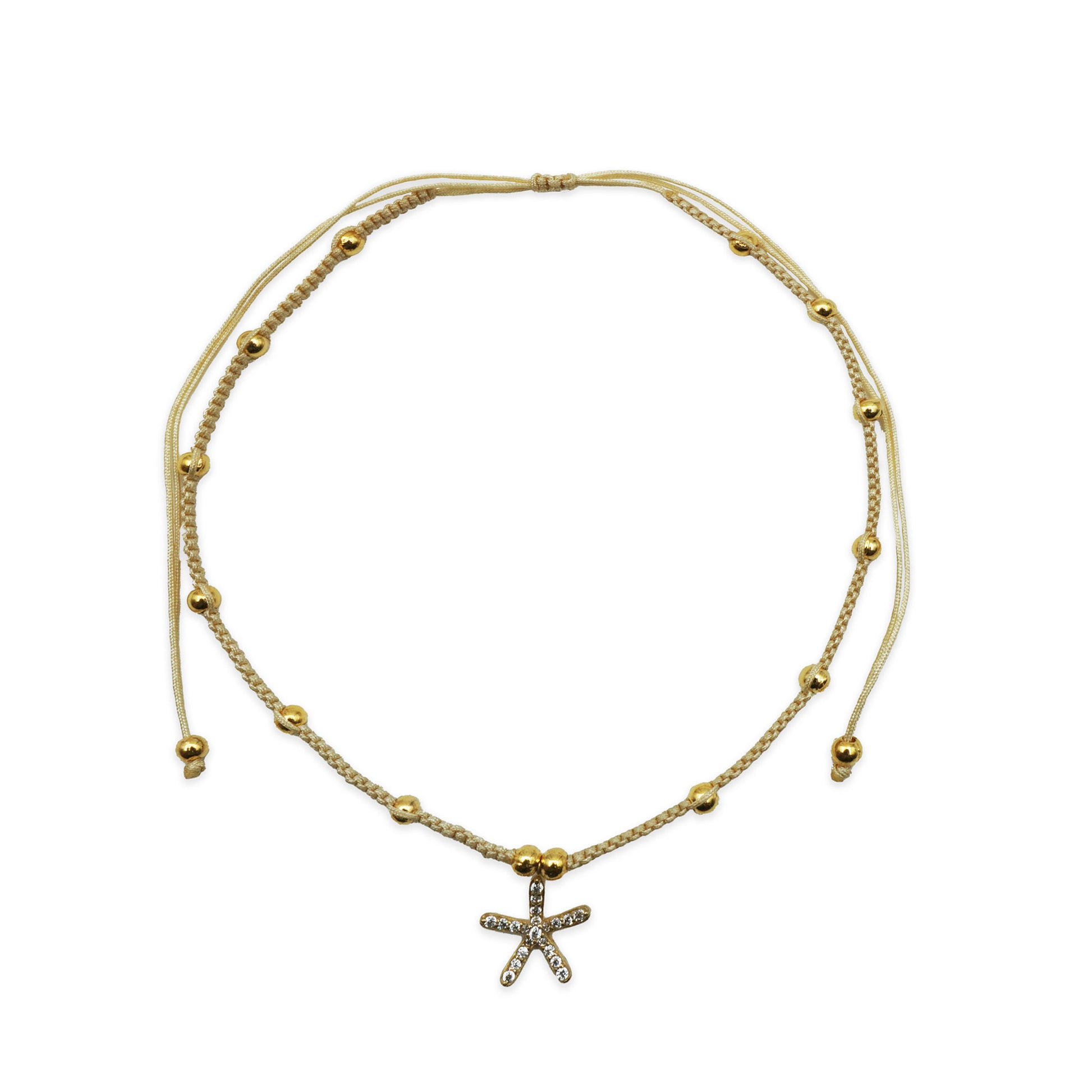 Alt Text: Scale view of the Golden Starfish Anklet handmade in Bali. Features golden starfish charm with shimmering beads, showing fit and lightweight coastal elegance.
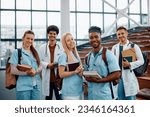 Multiracial group of happy students of medicine in lecture hall looking at camera. 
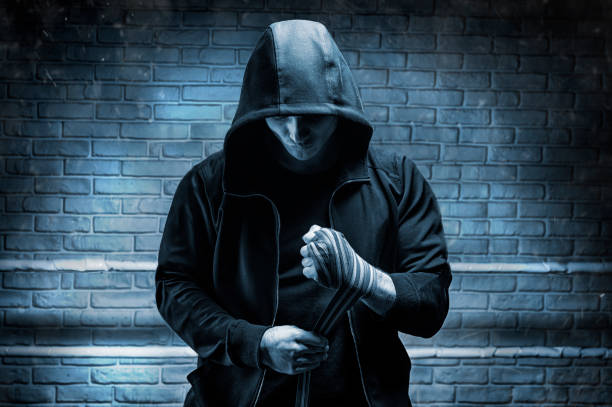 istock Young boxer preparing for fight, wrapping hands with bandage, copy space. 1200379905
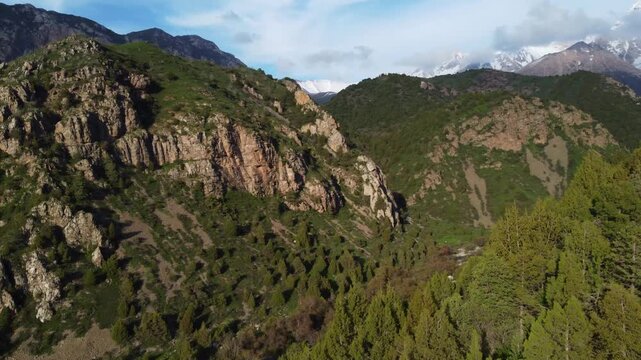 Aerial view of a mountain campsite in a green valley with snow-capped peaks in the background, adventure travel, Kazakhstan, Sayram-Ugam. High quality 4k footage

- - - -

Goal of the exercise —
Starting with the line that holds "Multiracial group of", repeat exactly every line through the end of the material above, both ends included, without the pictures.

Written answer —
 Multiracial group of happy students of medicine in lecture hall looking at camera. 
 istock Young boxer preparing for fight, wrapping hands with bandage, copy space. 1200379905
 Aerial view of a mountain campsite in a green valley with snow-capped peaks in the background, adventure travel, Kazakhstan, Sayram-Ugam. High quality 4k footage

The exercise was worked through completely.